Non-unionised workers who report that it might be relevant for them to join a union would emphasise the union’s wage policies for their profession or that the union speaks for their occupational group or profession as potential reasons for joining. Some emphasise the size of the union dues and individual membership benefits, but only a minority report that this would be a deciding factor in their choice.
Approximately one-half of the non-unionised workers have been asked to join, in their present or previous workplace. They were mainly asked by the trade union representative or by their colleagues. The proportion who have been asked is higher among those whose workplace has a trade union representative, and this applies especially to those who have remained in the same workplace for some years.
Norwegian employees generally endorse the organised labour market in its traditional sense. The majority (70 per cent) rejects the assertion that trade unions represent an old-fashioned solution, and four of every five fully or partly agree that strong trade unions are an advantage for most employees. Views differ more when it comes to individual wage formation, whether the right to go on strike is an important component of wage formation in Norway, and whether more workers ought to join unions. When asked whether wage differences have become too large, far more respondents agree than disagree. Age has little bearing on the variation in attitudes to the trade unions and the organised labour market. The study does not indicate that young employees are more sceptical than others about the collective institutions in organised working life. However, young people are somewhat more accepting of individual wage agreements. Unionised employees tend to consensually endorse the organised labour market. This may indicate a reverse correlation, in the sense that unionised workers over time develop a positive attitude to trade unions and employee associations.
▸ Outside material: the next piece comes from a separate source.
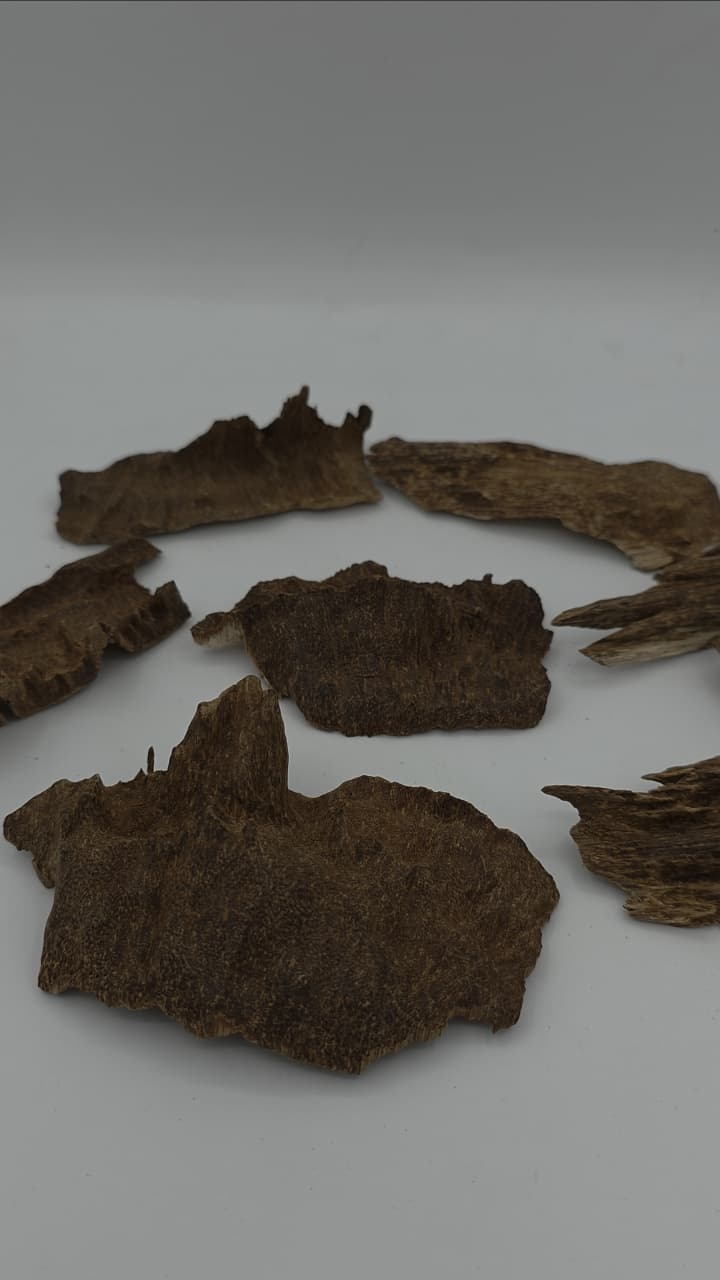 Royal Burmese Birmanie oud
We also asked the employees to rate their agreement or disagreement with a number of statements about the Norwegian Trade Union Confederation (LO). In total, 59 per cent of the respondents agree that a strong LO is an advantage for employees in general. Members of LO unions most often endorse this view, but a majority of the members of unions in other confederations also agree with this assertion in favour of LO. Among the non-unionised there are far more who endorse this view than not, although one in every four in this group disagrees with this assertion. There is more variation when it comes to whether LO is suitable for ‘employees such as yourself’ and whether LO safeguards the interests of employees with higher education. Many disagree with this – especially non-LO members – and there is also considerable uncertainty about the latter assertion.
There is a clear correlation between attitudes to collective working life and consideration of joining a union. Non-unionised employees who take a positive view of the role of the trade unions in working life are far more open to considering membership when compared to other non-unionised workers.